Each line of the data below that carries the word "Mercedes" needs to be copied.

• Records supplied

○ ○ ○

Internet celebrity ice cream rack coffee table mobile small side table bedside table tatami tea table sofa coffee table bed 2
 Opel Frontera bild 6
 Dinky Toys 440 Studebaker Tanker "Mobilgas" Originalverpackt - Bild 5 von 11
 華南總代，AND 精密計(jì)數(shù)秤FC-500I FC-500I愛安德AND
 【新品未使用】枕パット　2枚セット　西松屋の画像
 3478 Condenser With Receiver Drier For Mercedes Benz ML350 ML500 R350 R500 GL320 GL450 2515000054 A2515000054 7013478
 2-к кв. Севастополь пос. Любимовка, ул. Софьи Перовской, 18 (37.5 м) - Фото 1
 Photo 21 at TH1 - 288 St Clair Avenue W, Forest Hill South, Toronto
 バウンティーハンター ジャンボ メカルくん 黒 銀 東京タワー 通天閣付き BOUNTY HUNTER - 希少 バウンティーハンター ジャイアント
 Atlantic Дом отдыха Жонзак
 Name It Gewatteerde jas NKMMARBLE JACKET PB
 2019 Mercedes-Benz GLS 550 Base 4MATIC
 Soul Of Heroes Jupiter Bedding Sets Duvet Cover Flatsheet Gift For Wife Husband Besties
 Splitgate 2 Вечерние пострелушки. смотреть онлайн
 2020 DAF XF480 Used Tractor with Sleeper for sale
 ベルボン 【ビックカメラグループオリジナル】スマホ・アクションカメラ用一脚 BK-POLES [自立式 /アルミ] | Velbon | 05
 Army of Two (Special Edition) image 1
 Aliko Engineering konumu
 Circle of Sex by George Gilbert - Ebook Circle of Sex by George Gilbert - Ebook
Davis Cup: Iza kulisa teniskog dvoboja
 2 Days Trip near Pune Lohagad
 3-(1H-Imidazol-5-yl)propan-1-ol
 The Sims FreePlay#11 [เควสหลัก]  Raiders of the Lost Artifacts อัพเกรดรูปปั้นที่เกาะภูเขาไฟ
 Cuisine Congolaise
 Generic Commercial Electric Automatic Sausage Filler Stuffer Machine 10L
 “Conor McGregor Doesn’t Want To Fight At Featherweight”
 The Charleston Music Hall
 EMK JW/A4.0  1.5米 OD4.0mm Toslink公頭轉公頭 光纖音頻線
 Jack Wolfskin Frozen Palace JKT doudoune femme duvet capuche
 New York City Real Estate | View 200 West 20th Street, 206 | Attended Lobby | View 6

○ ○ ○

• Output of the exercise
 3478 Condenser With Receiver Drier For Mercedes Benz ML350 ML500 R350 R500 GL320 GL450 2515000054 A2515000054 7013478
 2019 Mercedes-Benz GLS 550 Base 4MATIC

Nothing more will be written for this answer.